Adding to what @mickp said: we're redirect the logs to devnull, can you change it to some filepath (writable) and check if there's some hints there?

iandobbie commented 1 year ago

Are we sure this isn't a license issue? The SDK does require a license file to work.

edwardando commented 1 year ago

It's not a license issue, this we've checked carefully. OK we'll look into the firmware version...

iandobbie commented 1 year ago

Is there any way to borrow a windows machine and test on that. The system is usb so a loan of a laptop might help. I suggest this as the current code works well on the Diamond system and was definitely working on the Oxford one when I left 18 months ago. These both use windows and that dll. I know this may not suit your purposes but should so that the firmware etc are genarlaly working.

edwardando commented 1 year ago

I have borrowed a windows machine and confirmed that I can drive the stage.
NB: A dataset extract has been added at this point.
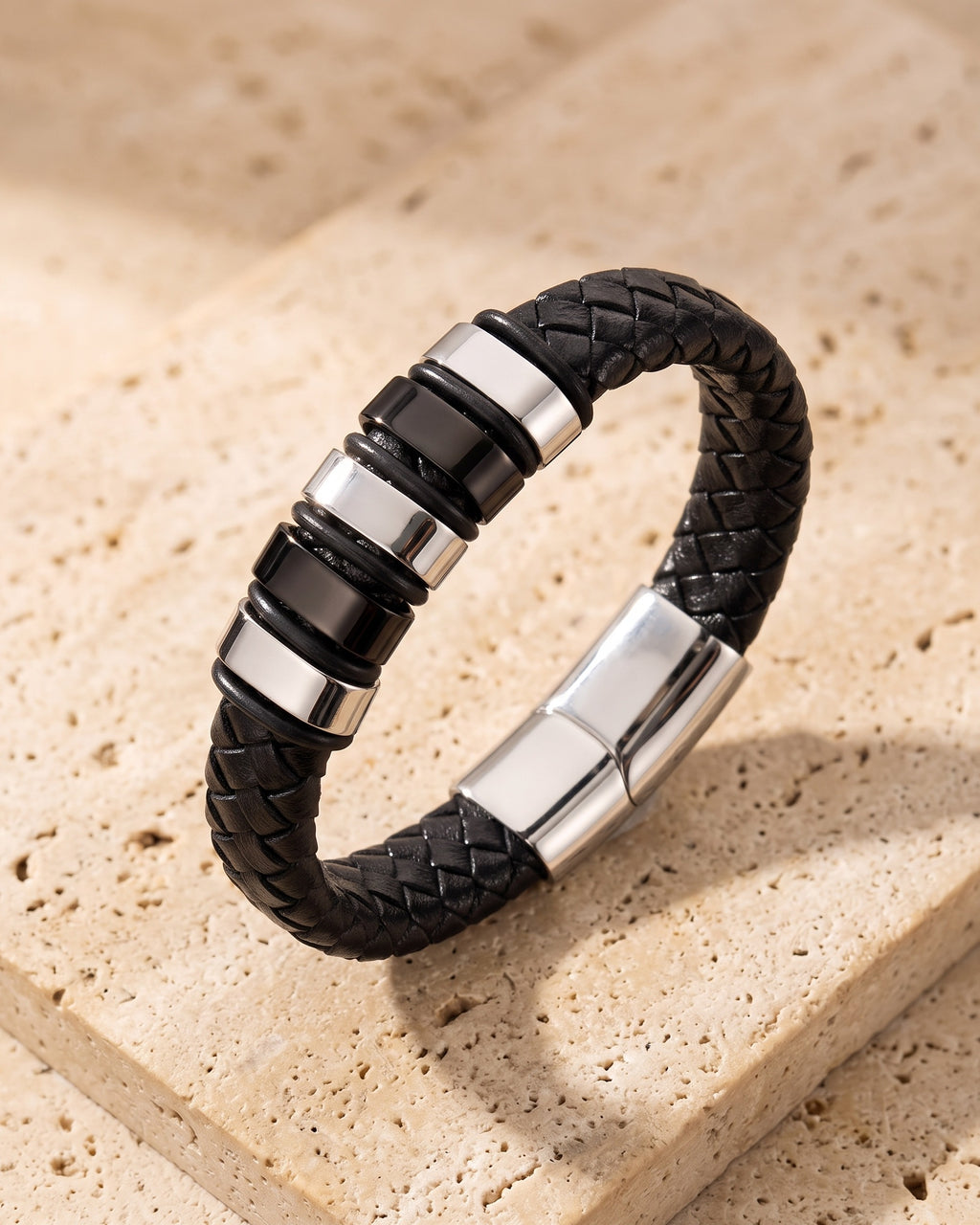 The whole silver-tone Atlas two-tone bar braided leather bracelet lying on warm travertine stone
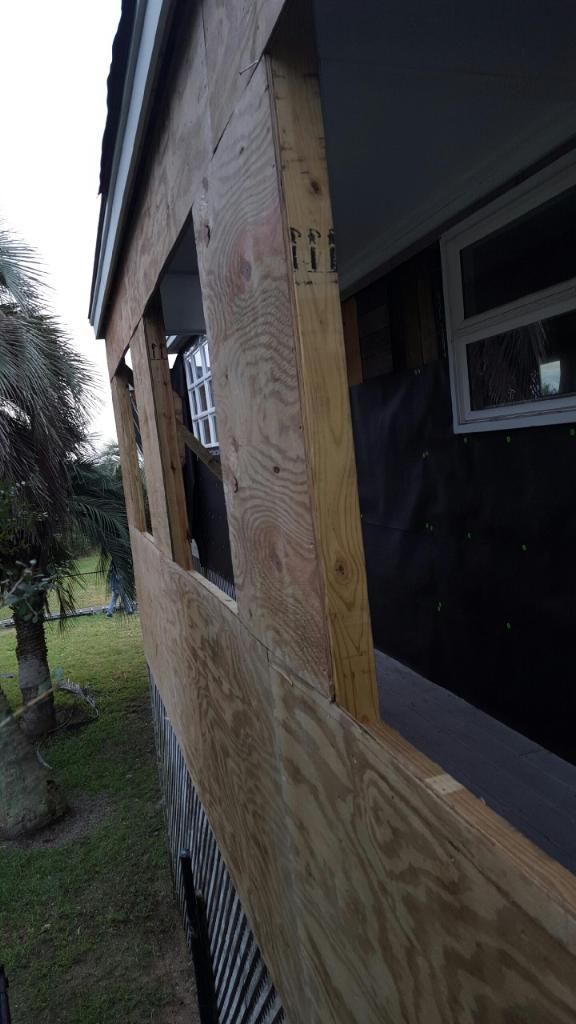 A house is being remodeled with plywood covering the windows.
The state of affairs is as follows:

stack smashing detected ***: terminated Aborted

Is this normal?

carandraug commented 1 year ago

The UID being required is normal. in the case of Ubuntu we don't know whether that is normal since we never tested in Linux:

https://github.com/python-microscope/microscope/blob/a921847ae80d51d451a2e73af3b68070479c42b2/microscope/stages/linkam.py#L979

However, it is certainly not the desired outcome. I do not have access to a Linkam stage to fix that. Now do you know it should work in Windows, if you could fix it to work in Linux too that would be great.

edwardando commented 1 year ago

sure, but debugging a segfault like this is quite hard, I don't know where to start...

carandraug commented 1 year ago

I recommend creating a minimal example using ctypes only and without Python-Microscope. The script shouldn't be too long since there's a lot of stuff you won't need (such as setting all the callbacks and adding device settings) and you can mostly copy and paste from Python-Microscope. I would work from there to identify what it is that we're doing wrong.